Aim of the task:
Omit the pictures. Transcribe exactly the lines below, from the one with "a bedroom with a bed with" up to and including the last.

Data to use:
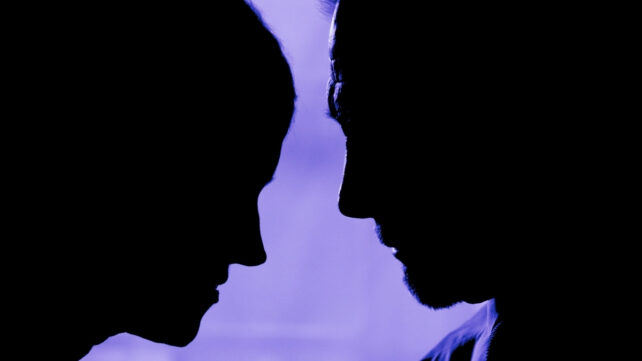 Silhouette of a couple's faces, appearing to be talking close to each other on a purple background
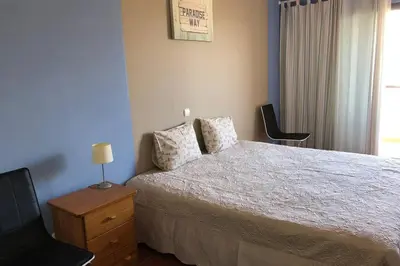 a bedroom with a bed and a chair and a window at Vacations home Albufeira in Albufeira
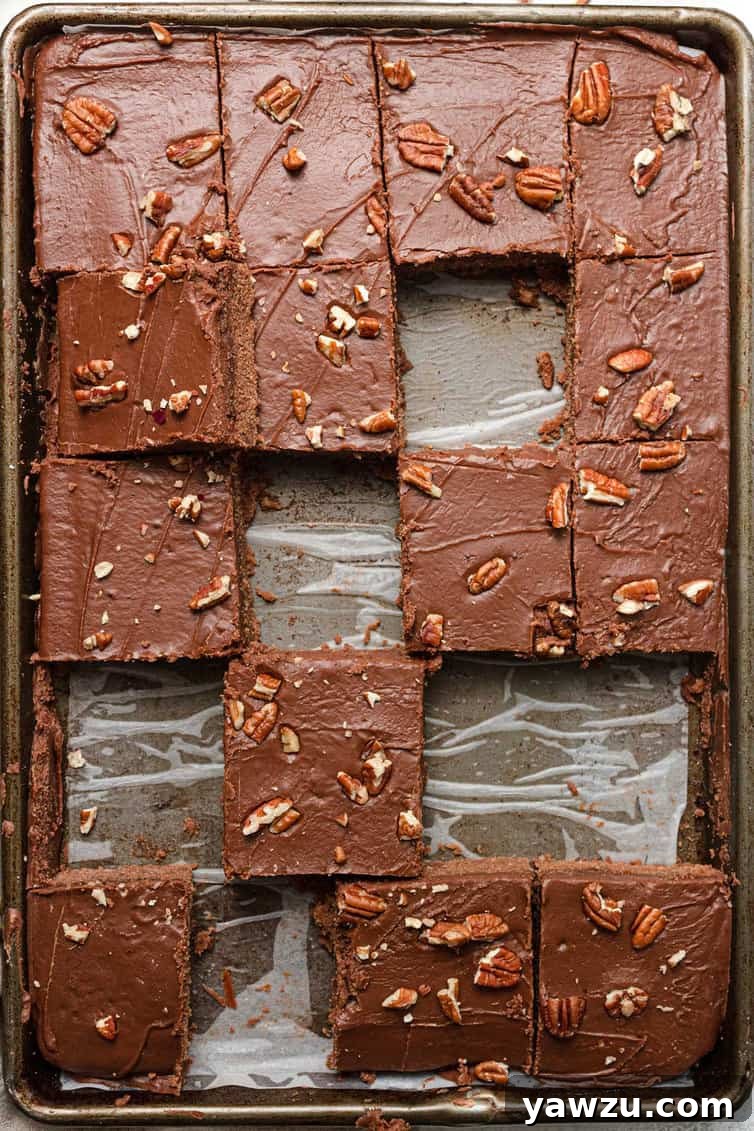A pan of classic Texas sheet cake with several slices already enjoyed, showing its popularity.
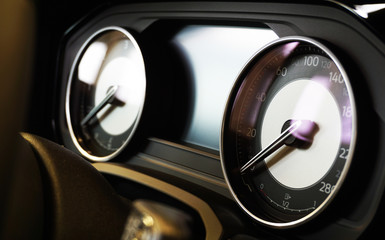 Instrument cluster of a modern luxury car. In the foreground, the speedometer is in focus, in the background the tachometer and multifunction display are blurred.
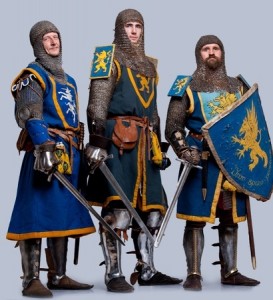 Three medieval knights isolated on grey background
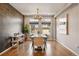 Elegant dining room with hardwood floors, wood accent wall, and contemporary chandelier lighting at 336 Painted Horse Way, Erie, CO 80516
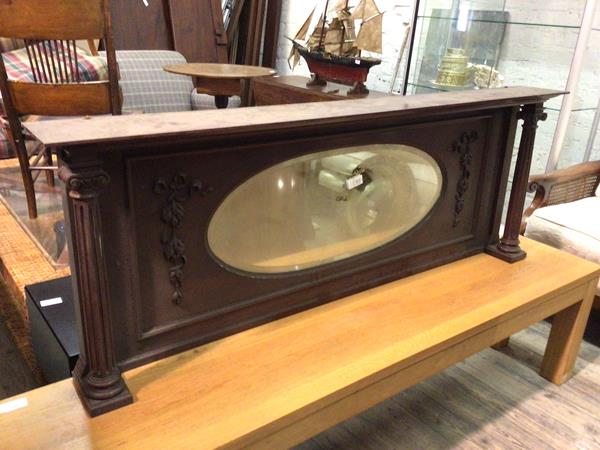 A sideboard superstructure, with oval mirror flanked by ribbon and foliate decoration, the ledge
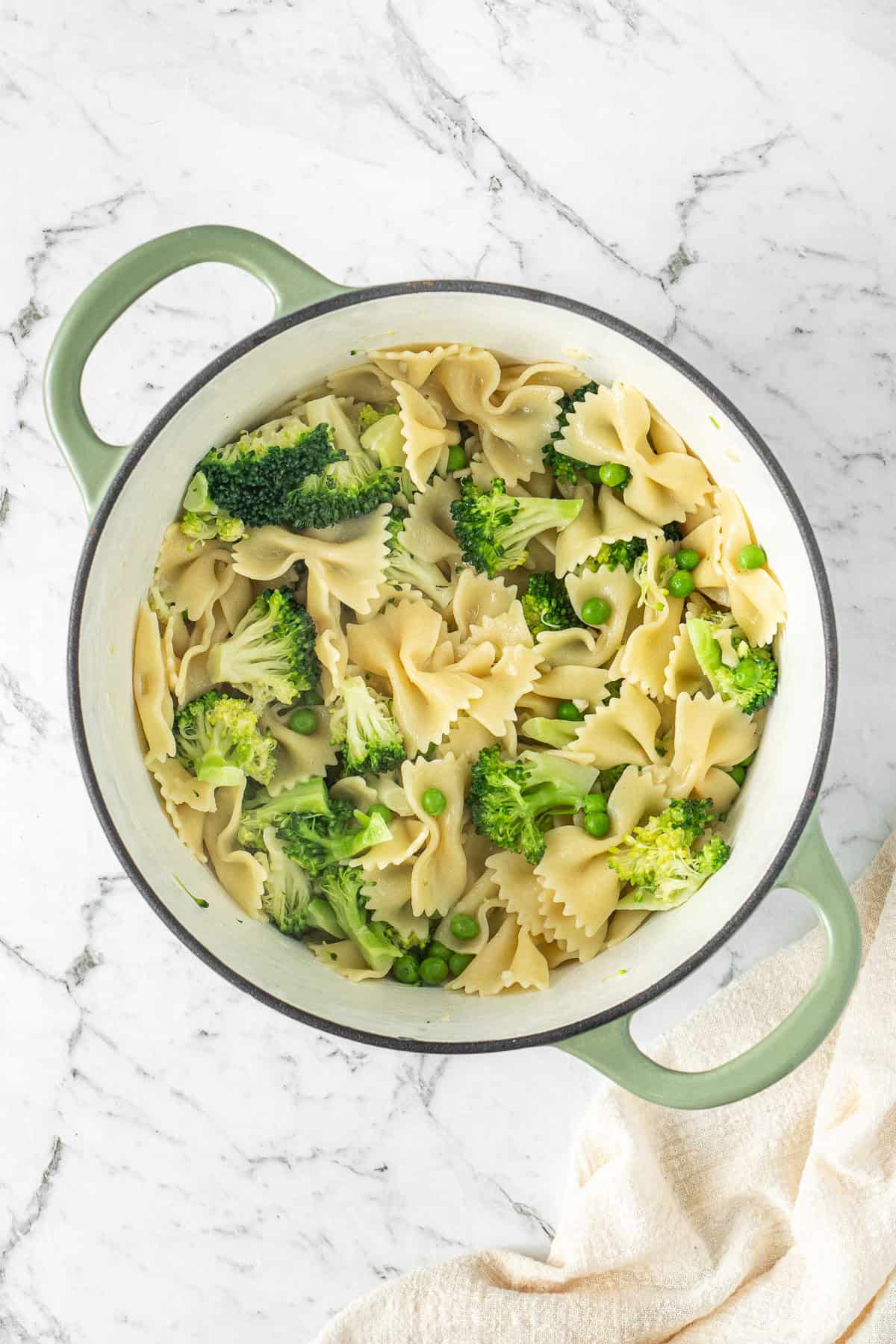 The drained pasta and veg added back to the pot.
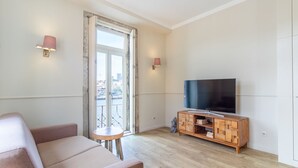 A modern living room with a sofa, a small round table, a TV on a wooden cabinet, and a city view through a large window. - Purple Oporto Home River Front - Ribeira (Vila Nova de Gaia)
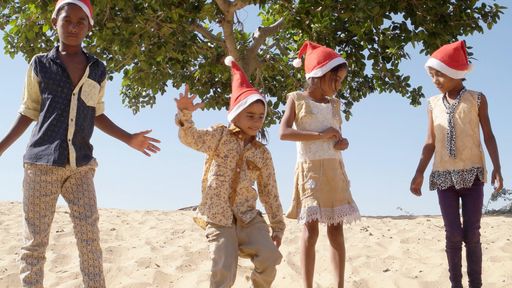 Happy Indian female and male kids celebrating New Year in Santa Claus hats on a beach
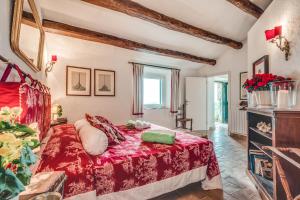 a bedroom with a bed with a red bedspread at Borgo degli Ulivi in Porto Ercole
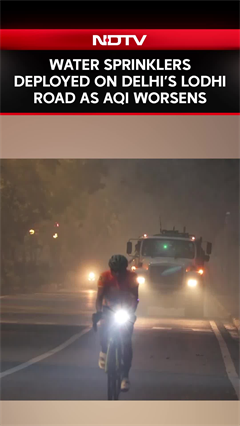 Water Sprinklers Deployed On Delhi's Lodhi Road As AQI Worsens Water Sprinklers Deployed On Delhi's Lodhi Road As AQI Worsens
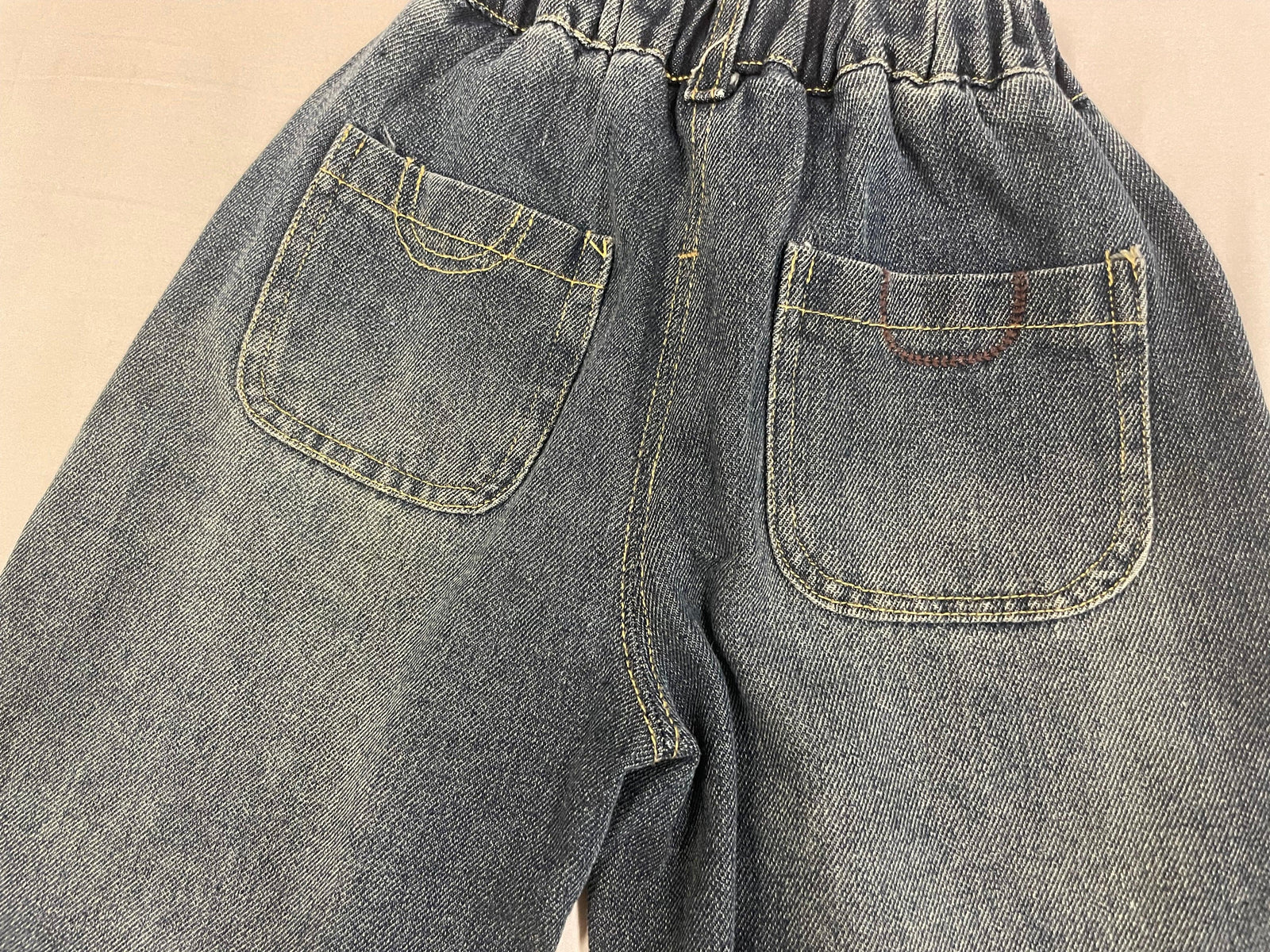 Side detail of blue Korean denim pants for kids by Little Aangan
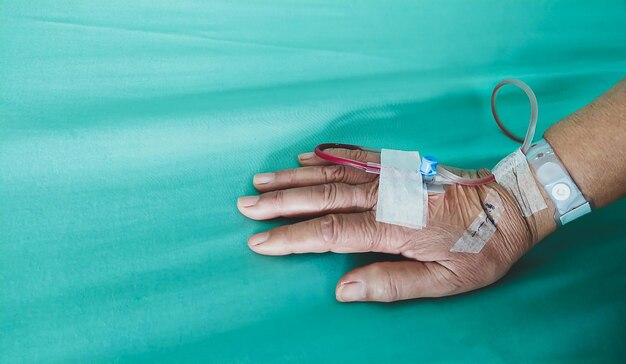 病院のベッドに生理食塩水ホースで患者の手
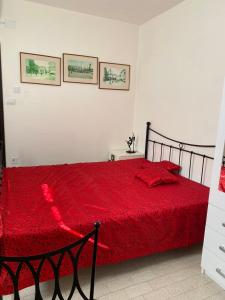 a bedroom with a red bed with two pictures on the wall at Anči in Pula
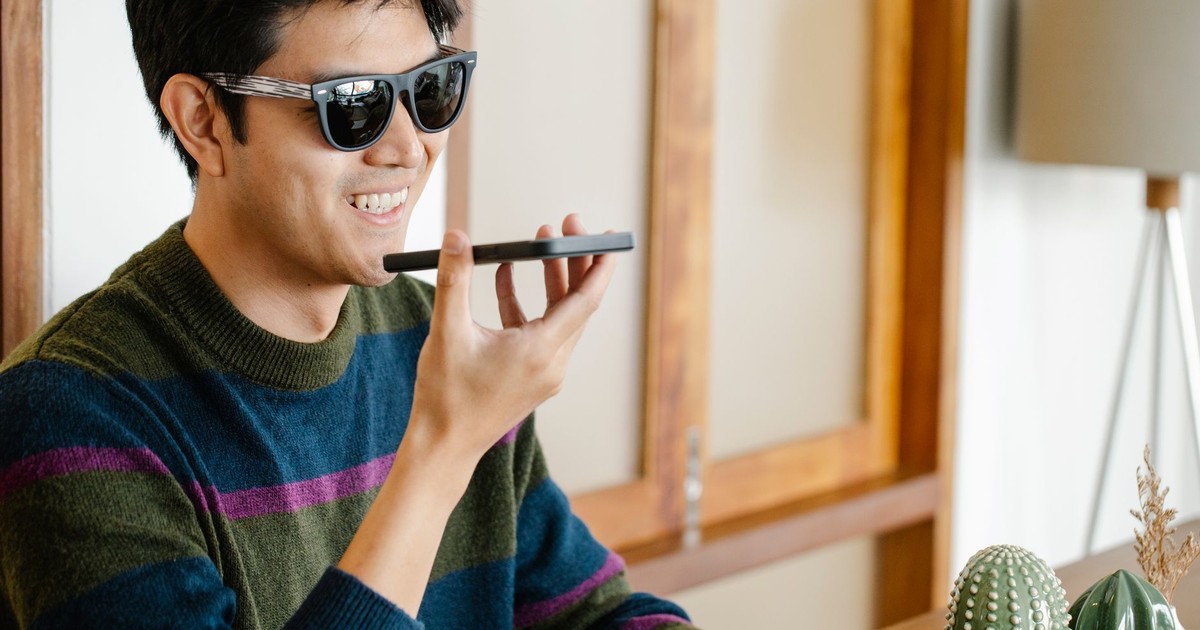 Young man wearing sunglasses smiles while using voice features on his smartphone indoors.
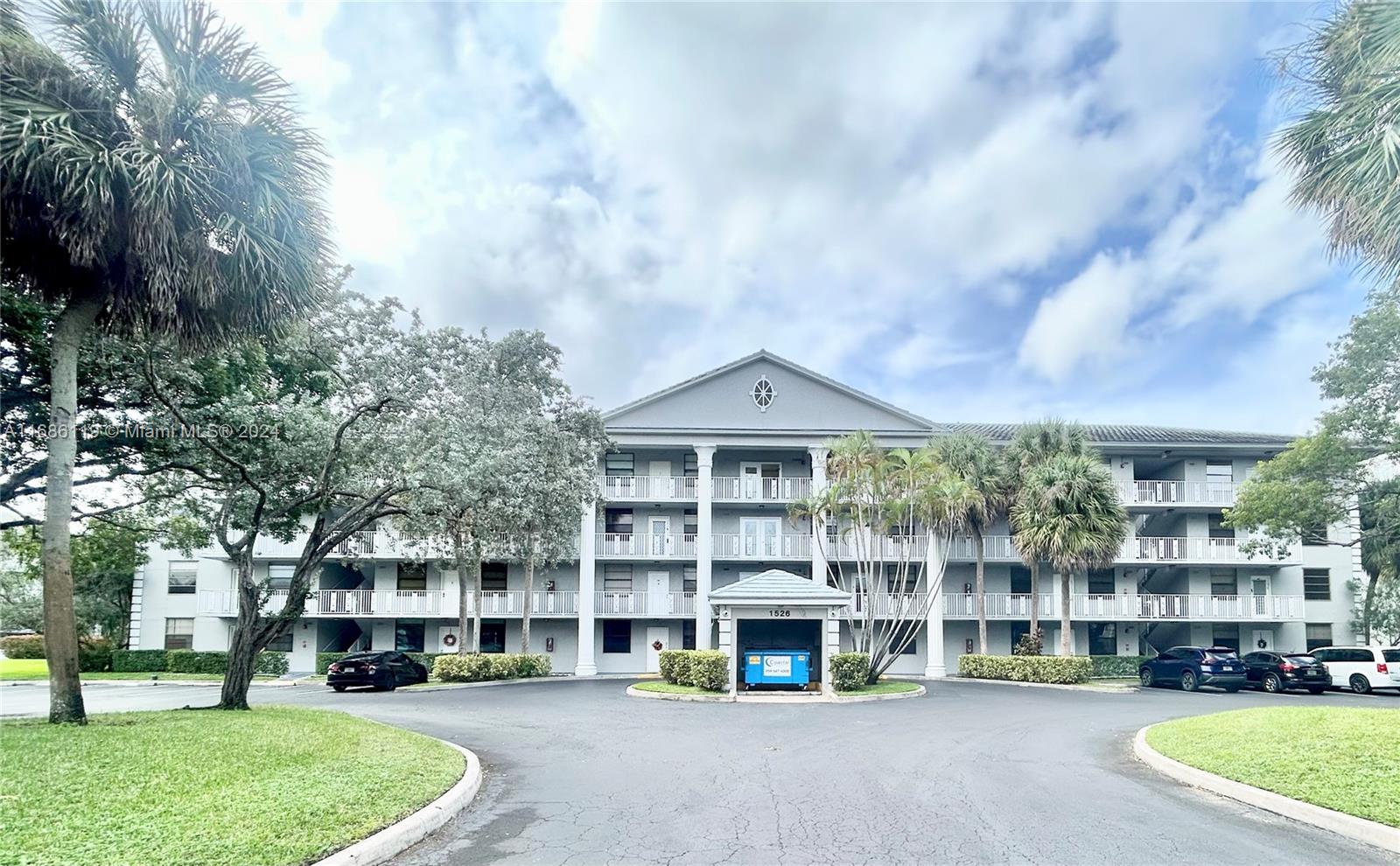 a view of building with lot of cars parked in front of house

Solution:
 a bedroom with a bed with a red bedspread at Borgo degli Ulivi in Porto Ercole
 Water Sprinklers Deployed On Delhi's Lodhi Road As AQI Worsens Water Sprinklers Deployed On Delhi's Lodhi Road As AQI Worsens
 Side detail of blue Korean denim pants for kids by Little Aangan
 病院のベッドに生理食塩水ホースで患者の手
 a bedroom with a red bed with two pictures on the wall at Anči in Pula
 Young man wearing sunglasses smiles while using voice features on his smartphone indoors.
 a view of building with lot of cars parked in front of house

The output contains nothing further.